| RECORDS SUPPLIED |
· · · ·

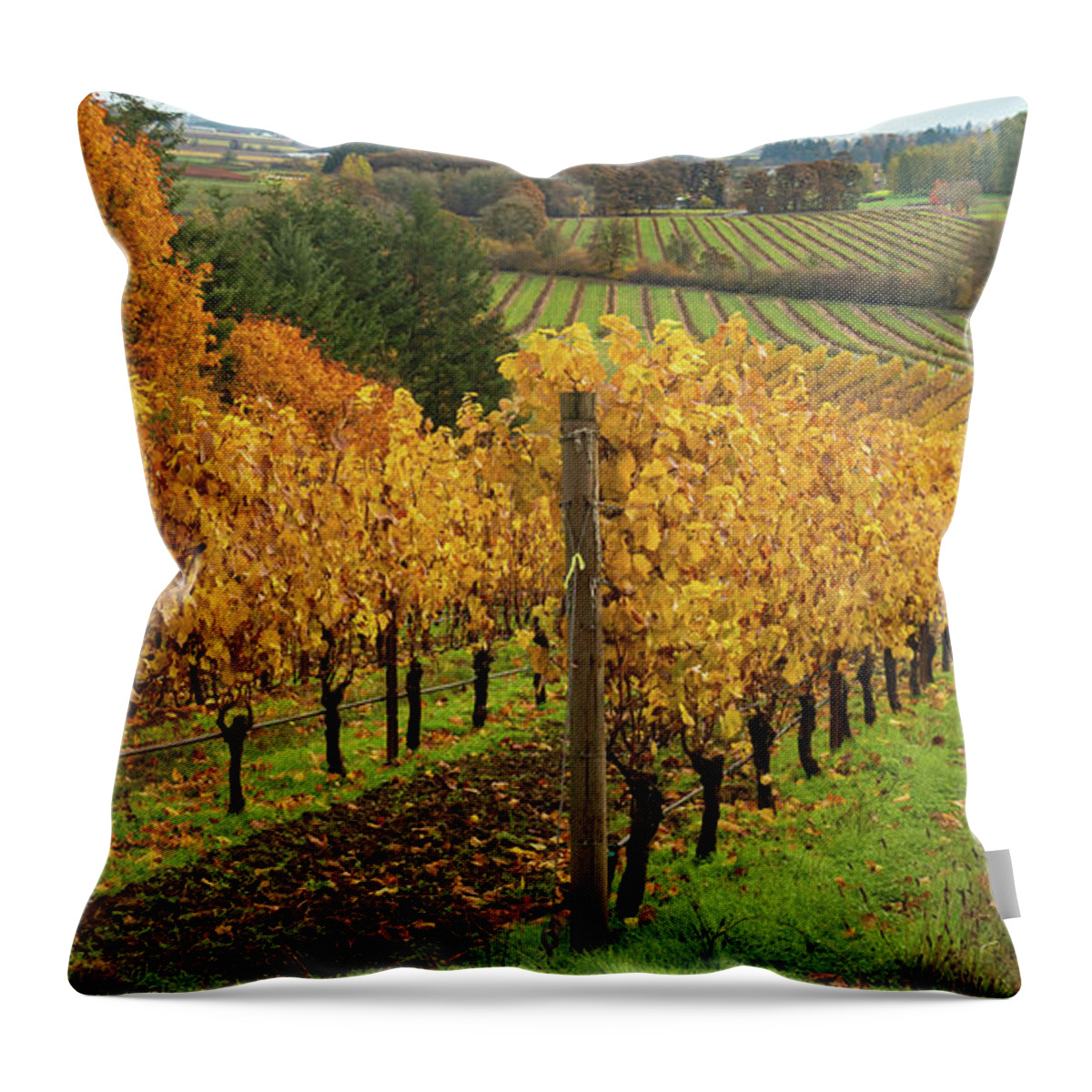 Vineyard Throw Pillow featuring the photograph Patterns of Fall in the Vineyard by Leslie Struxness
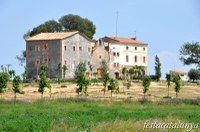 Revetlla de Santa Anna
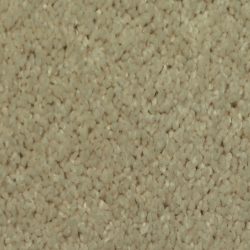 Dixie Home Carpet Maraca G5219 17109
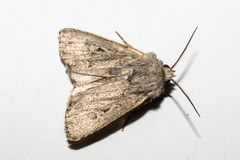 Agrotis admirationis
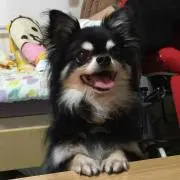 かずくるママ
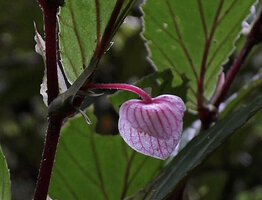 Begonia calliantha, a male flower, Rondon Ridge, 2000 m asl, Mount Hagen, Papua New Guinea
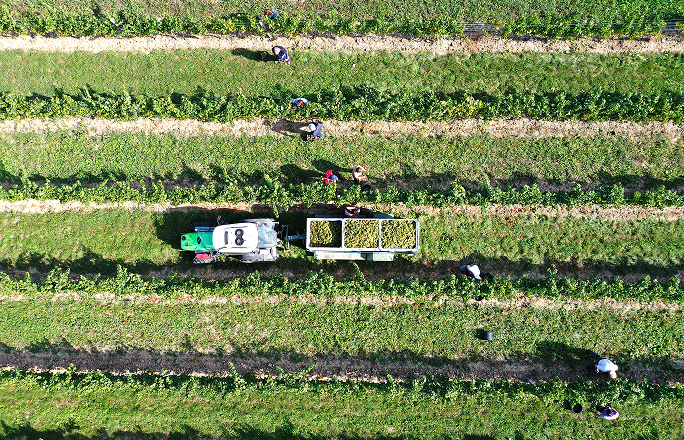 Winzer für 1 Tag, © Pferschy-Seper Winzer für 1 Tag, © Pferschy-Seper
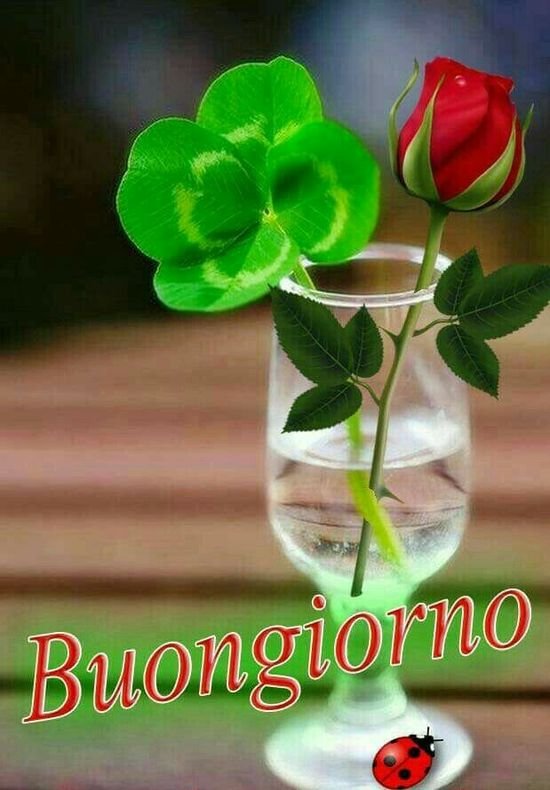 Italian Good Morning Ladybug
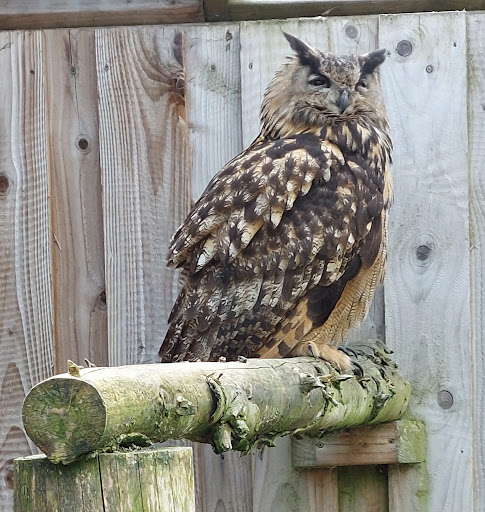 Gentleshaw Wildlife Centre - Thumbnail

· · · ·

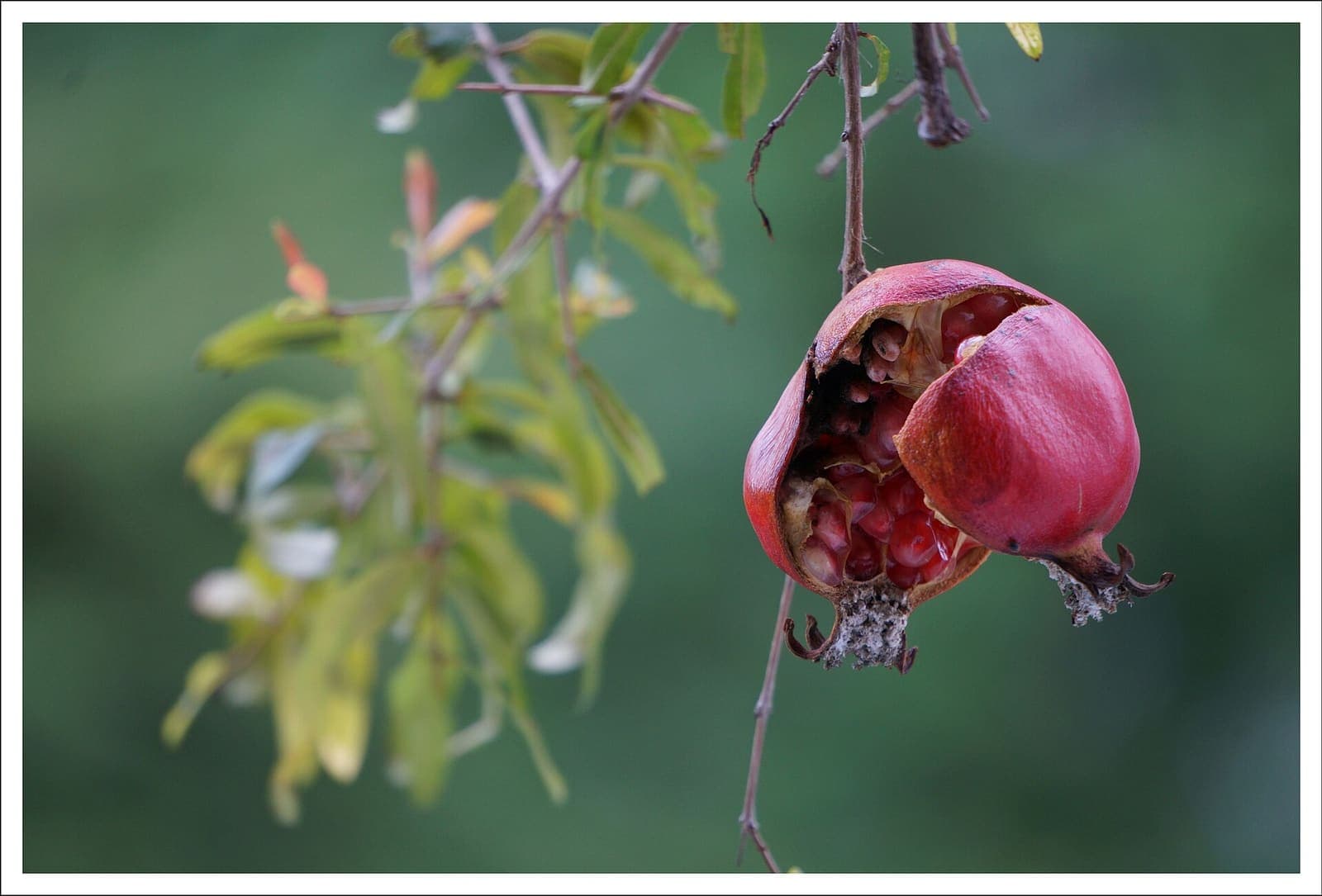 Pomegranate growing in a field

· · · ·

| PROMPT |
Between and including the line with "Dixie Home Carpet Maraca G5219 17109" and the line with "Gentleshaw Wildlife Centre - Thumbnail", repeat every line exactly as it appears above, with pictures left out.

| ANSWER SECTION |
 Dixie Home Carpet Maraca G5219 17109
 Agrotis admirationis
 かずくるママ
 Begonia calliantha, a male flower, Rondon Ridge, 2000 m asl, Mount Hagen, Papua New Guinea
 Winzer für 1 Tag, © Pferschy-Seper Winzer für 1 Tag, © Pferschy-Seper
 Italian Good Morning Ladybug
 Gentleshaw Wildlife Centre - Thumbnail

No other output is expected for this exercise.